You are viewing a plain text version of this content. The canonical link for it is here.
Posted to common-user@hadoop.apache.org by Thomas Koch <th...@koch.ro> on 2010/02/19 09:41:01 UTC

why not zookeeper for the namenode

Hi,

yesterday I read the documentation of zookeeper and the zk contrib bookkeeper. 
From what I read, I thought, that bookkeeper would be the ideal enhancement 
for the namenode, to make it distributed and therefor finaly highly available.
Now I searched, if work in that direction has already started and found out, 
that apparently a totaly different approach has been choosen:
http://issues.apache.org/jira/browse/HADOOP-4539

Since I'm new to hadoop, I do trust in your decision. However I'd be glad, if 
somebody could satisfy my curiosity:

- Why hasn't zookeeper(-bookkeeper) not been choosen? Especially since it  
  seems to do a similiar job already in hbase.

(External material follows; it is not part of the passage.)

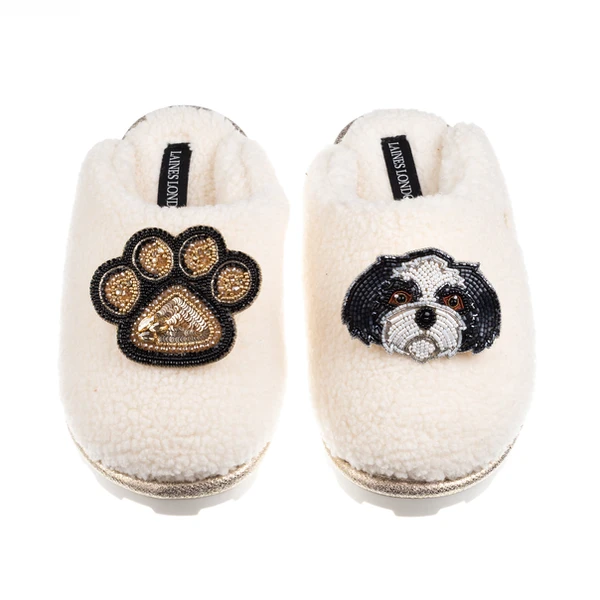 Laines London Teddy Closed Toe Slippers With Paw & Black & White Shih Tzu Brooches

- Isn't it, that with HADOOP-4539 client's can only connect to one namenode at 
  a time, leaving the burden of all reads and writes on the one's shoulder?

- Isn't it, that zookeeper would be more network efficient. It requires only a
  majority of nodes to receive a change, while HADOOP-4539 seems to require
  all backup nodes to receive a change before its persisted.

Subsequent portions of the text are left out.